CD★★☆☆☆
Voor ‘The Other Side of Make-Believe’ van Interpol had iemand de gitaar uit het raam moeten gooien
Als wij de wet van de afnemende meeropbrengsten moeten uitleggen, aan u bijvoorbeeld, dan verwijzen wij graag naar ‘Scenes from the Class Struggle in Springfield’, een aflevering van ‘The Simpsons’. Daarin naait Marge Simpson van één Chanel-mantelpakje telkens weer een andere classy outfit, tot de stof finaal in haar handen uiteenvalt. Een muzikale exponent van die wet is de carrière van Interpol. Ook ‘The Other Side of Make-Believe’, de zevende plaat van de New Yorkers, is grotendeels de herhaling van een reprise van een doublure van ‘Turn on the Bright Lights’, het lichtende debuut dat nu al twintig jaar als een steen om hun hals hangt.

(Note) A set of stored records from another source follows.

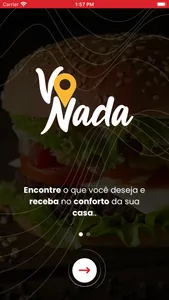 Vo Nada screenshot 0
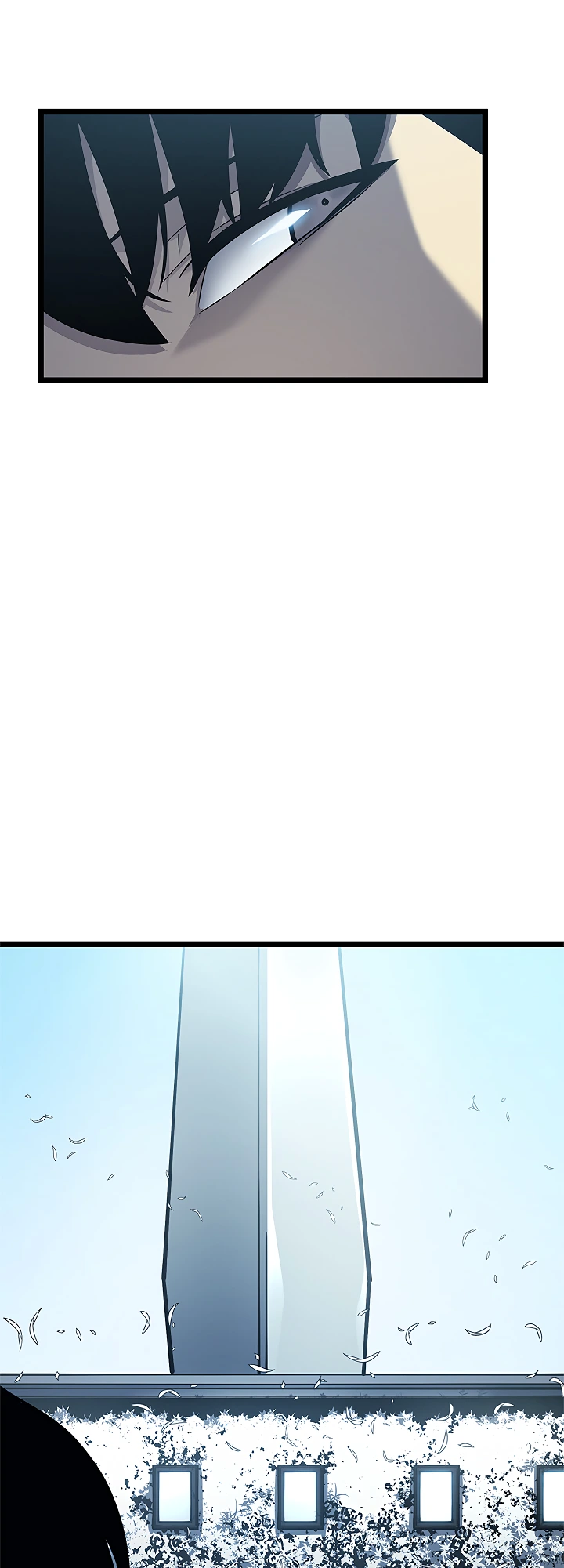 Solo Leveling Chapter 108 — page 18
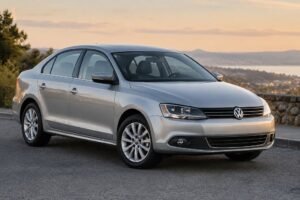 volkswagen jetta 6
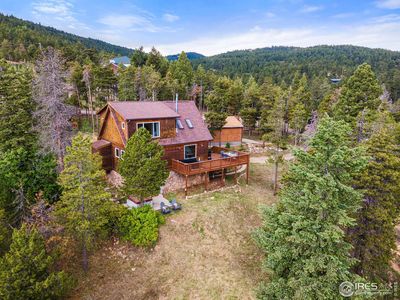 12016 Coal Creek Heights Dr, Golden, CO, 80403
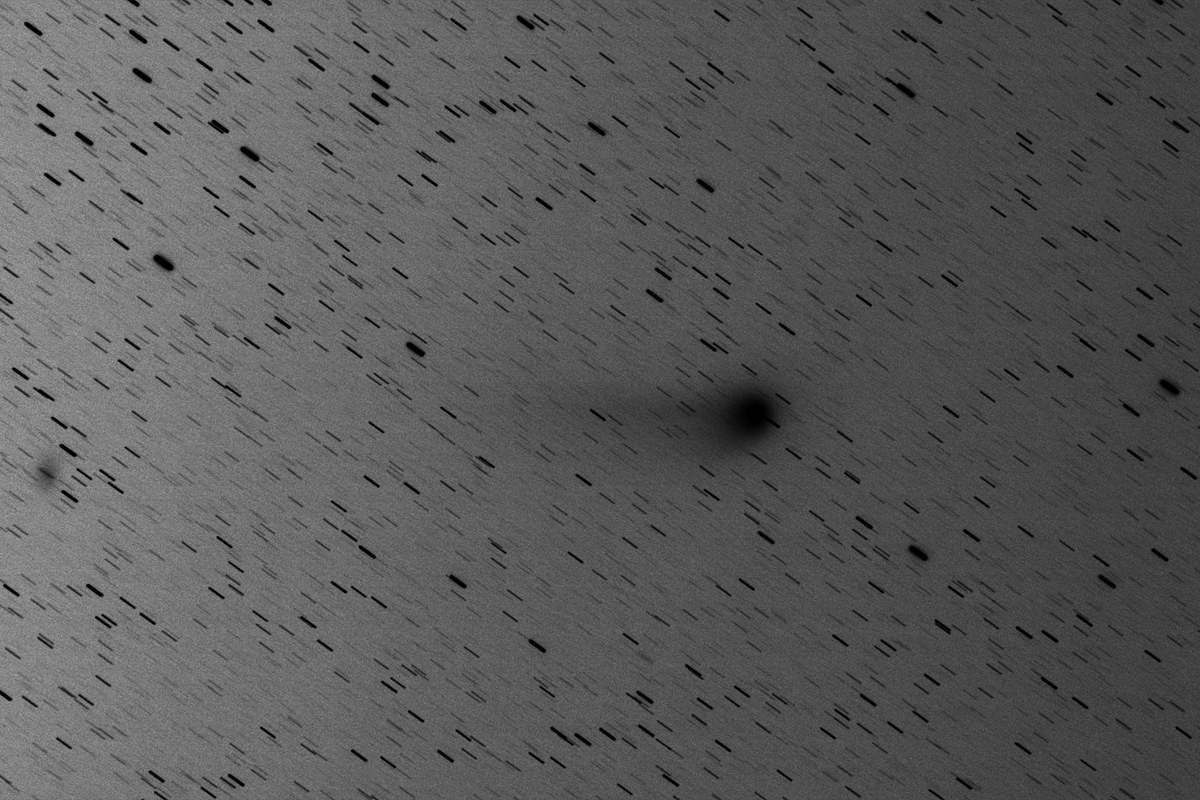 20160203カタリナ彗星（C/2013US10）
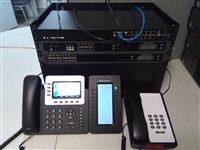 Grandstream Hotel Motel 24 Room IP PBX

Met de hulp van producers Flood en Alan Moulder (jajaja, we weten het: bekend van Depeche Mode! En van Nine Inch Nails!) klinkt af en toe een geluid dat nog niet rotvertrouwd is, maar die twee hadden natuurlijk gewoon de gitaar van Daniel Kessler uit het raam moeten gooien. Het duurt nooit lang of dat priegelende ding dringt zich – ‘PLING! PLING! PLING! PLING!’ – alweer naar voren zoals Donald Trump op die NAVO-top in Brussel. En waarom vergeet Kessler in ‘Mr. Credit’ dat hij eigenlijk ‘Rest My Chemistry’ uit 2007 staat te spelen? In ‘Toni’ en ‘Something Changed’ vat hij post achter de piano en hoor je hoe de groep haar eigen schaduw wél langer dan enkele maten verlaat: een ster voor elk van beide singles.
Het is, beste Interpol, zoals de lay-outer zei tegen de recensent toen de kolom niet netjes vol bleek te lopen: ‘Plus est en vous.’